Retrospective Cohort Study

World J Diabetes. Oct 15, 2018; 9(10): 165-171
Published online Oct 15, 2018. doi: 10.4239/wjd.v9.i10.165

Efficacy of anagliptin as compared to linagliptin on metabolic parameters over 2 years of drug consumption: A retrospective cohort study

Hidetaka Hamasaki, Yasuteru Hamasaki

Hidetaka Hamasaki, Endocrinology and Metabolism, Internal Medicine, Hamasaki Clinic, Kagoshima 890-0046, Japan

Yasuteru Hamasaki, Diabetes, Hamasaki Clinic, Kagoshima 890-0046, Japan

Author contributions: Hamasaki H and Hamasaki Y equally contributed to study conception, data acquisition, data analysis, interpretation, and writing of article.

Institutional review board statement: This study protocol was reviewed and approved by the Japan Medical Association Ethical Review Board.

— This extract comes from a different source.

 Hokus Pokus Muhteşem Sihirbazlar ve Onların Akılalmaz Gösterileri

Informed consent statement: Study participants are assured that collected data will be used only for this study and will not be disclosed without the consent of the participants.

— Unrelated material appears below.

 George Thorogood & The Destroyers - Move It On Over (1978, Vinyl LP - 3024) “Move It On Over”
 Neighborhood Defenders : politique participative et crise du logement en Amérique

Conflict-of-interest statement: The authors declare no conflict of interest.

STROBE statement: The authors have read the STROBE Statement-checklist of items, and the manuscript was prepared and revised according to the STROBE Statement-checklist of items.

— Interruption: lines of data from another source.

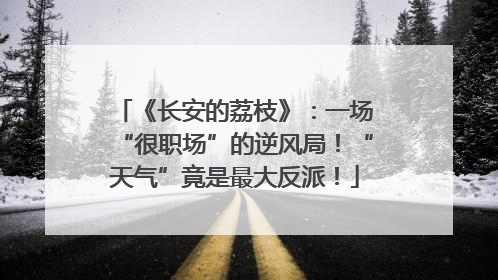 《长安的荔枝》：一场“很职场”的逆风局！“天气”竟是最大反派！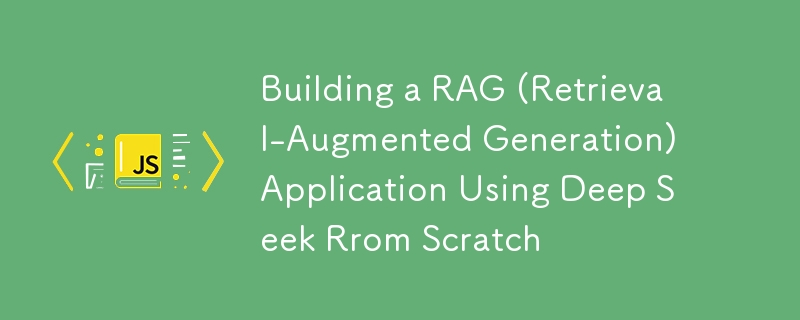 Bauen eines Lappen (retrieval-augmented Generation) Anwendung mit Deep Seek RROM Scratch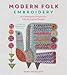 Modern Folk Embroidery: 30 Contemporary Projects for Folk Art Inspired Designs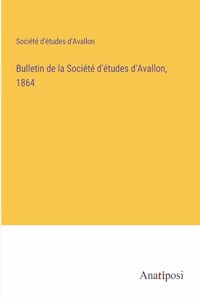 Bulletin de la Société d'études d'Avallon, 1864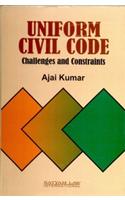 UNIFORM CIVIL CODE: CHALLENGES AND CONSTRAINTS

Open-Access: This article is an open-access article which was selected by an in-house editor and fully peer-reviewed by external reviewers. It is distributed in accordance with the Creative Commons Attribution Non Commercial (CC BY-NC 4.0) license, which permits others to distribute, remix, adapt, build upon this work non-commercially, and license their derivative works on different terms, provided the original work is properly cited and the use is non-commercial. See: http://creativecommons.org/licenses/by-nc/4.0/

Correspondence to: Hidetaka Hamasaki, MD, PhD, Doctor, Endocrinology and Metabolism, Internal Medicine, Hamasaki Clinic, Nishida 2-21-4, Kagoshima 890-0046, Japan. hhamasaki78@gmail.com

Telephone: +81-99-2503535 Fax: +81-99-2501470

Received: June 25, 2018
Peer-review started: June 25, 2018
First decision: July 9, 2018
Revised: July 12, 2018
Accepted: August 26, 2018
Article in press: August 26, 2018
Published online: October 15, 2018
Processing time: 110 Days and 7.6 Hours

ARTICLE HIGHLIGHTS

Research background

Dipeptidyl peptidase-4 (DPP-4) inhibitors are extensively used in patients with type 2 diabetes mellitus (T2DM). DPP-4 inhibitors can improve dyslipidemia and hypertension in addition to glycemic control.

Research motivation

Anagliptin is a unique DPP-4 inhibitor that possibly reduces the low-density lipoprotein cholesterol levels; however, it is not commonly available outside Japan. Few studies have directly compared the efficacy of anagliptin with other gliptins in the management of T2DM.

Research objectives

To assess the comparative effectiveness of anagliptin and linagliptin on the glycemic control, blood pressure, lipid profile, and liver and renal function in Japanese patients with T2DM.

Research methods

A 2-year retrospective cohort study in a diabetes-specialty clinic.

Research results

Both anagliptin and linagliptin effectively improved glycemic control for 2 years. Interestingly, diastolic blood pressure was reduced following the administration of anagliptin, and serum high-density lipoprotein cholesterol levels were increased following the administration of linagliptin. However, no significant changes in serum low-density lipoprotein cholesterol levels were observed in both the anagliptin group and the linagliptin group.

Research conclusions

This study adds to the current literature supporting that the efficacy of DPP-4 inhibitors on metabolic parameters may differ between anagliptin and linagliptin. Both DPP-4 inhibitors may have a unique effect beyond the class effect of DPP-4 inhibitors. However, whether a substantial clinical difference exists in the effect of DPP-4 inhibitors on metabolic parameters is still inconclusive because this study is a retrospective cohort study.

Research perspectives

We suggest the need for well-designed, large-scale studies to elucidate the effect of DPP-4 inhibitors on metabolic parameters beyond the glucose-lowering effect. Furthermore, comparative efficacy of DPP-4 inhibitors for arterial stiffness should also be investigated in the future.